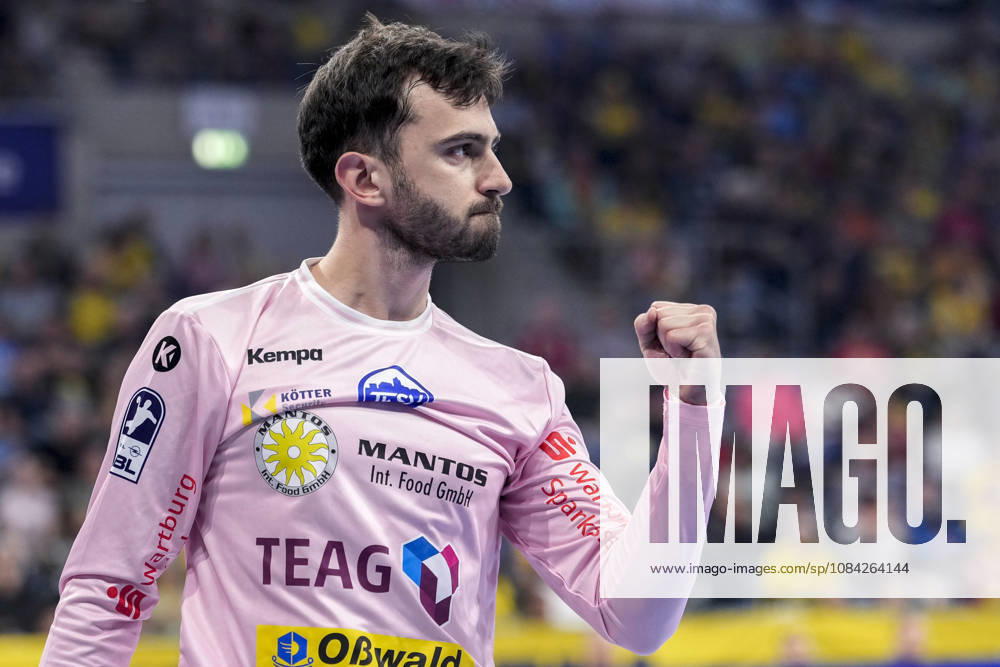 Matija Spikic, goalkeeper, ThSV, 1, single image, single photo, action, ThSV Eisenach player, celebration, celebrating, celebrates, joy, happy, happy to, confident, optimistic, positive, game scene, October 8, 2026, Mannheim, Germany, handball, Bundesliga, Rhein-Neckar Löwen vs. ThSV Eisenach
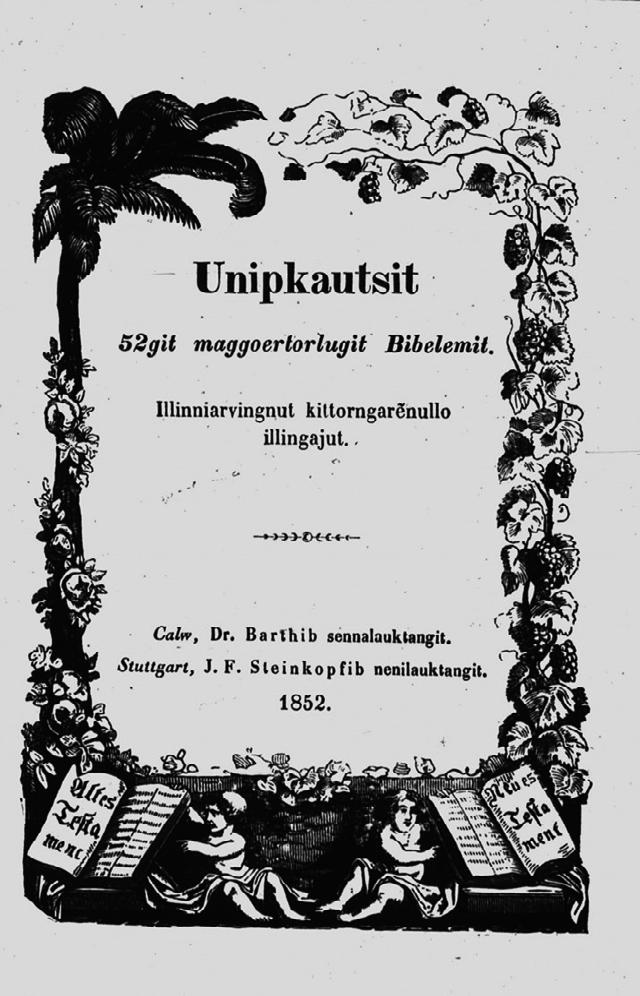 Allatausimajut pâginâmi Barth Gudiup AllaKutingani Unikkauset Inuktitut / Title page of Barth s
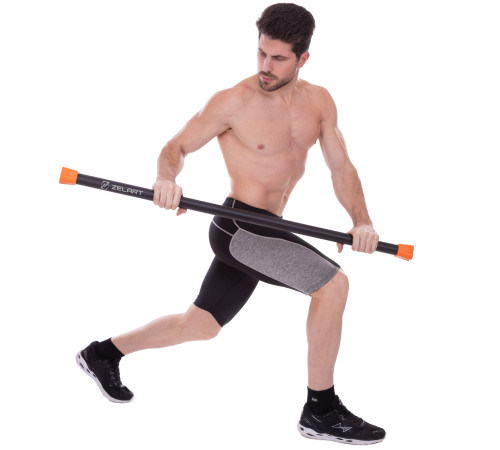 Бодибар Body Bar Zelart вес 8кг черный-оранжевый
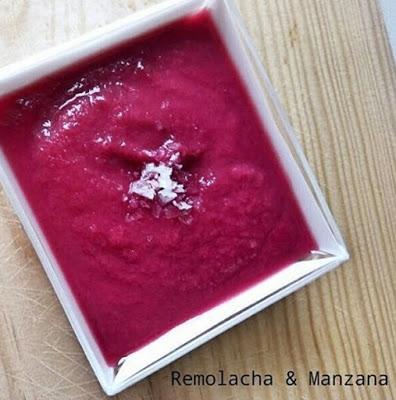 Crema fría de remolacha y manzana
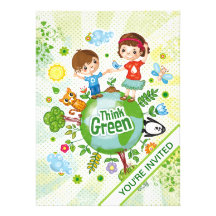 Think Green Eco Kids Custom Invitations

_ _ _ _

Task directions: Repeat word for word the lines starting at the one with "Crema fría de remolacha y manzana" and ending at the final line of the records above, both included; no pictures.

Response to this exercise:
 Crema fría de remolacha y manzana
 Think Green Eco Kids Custom Invitations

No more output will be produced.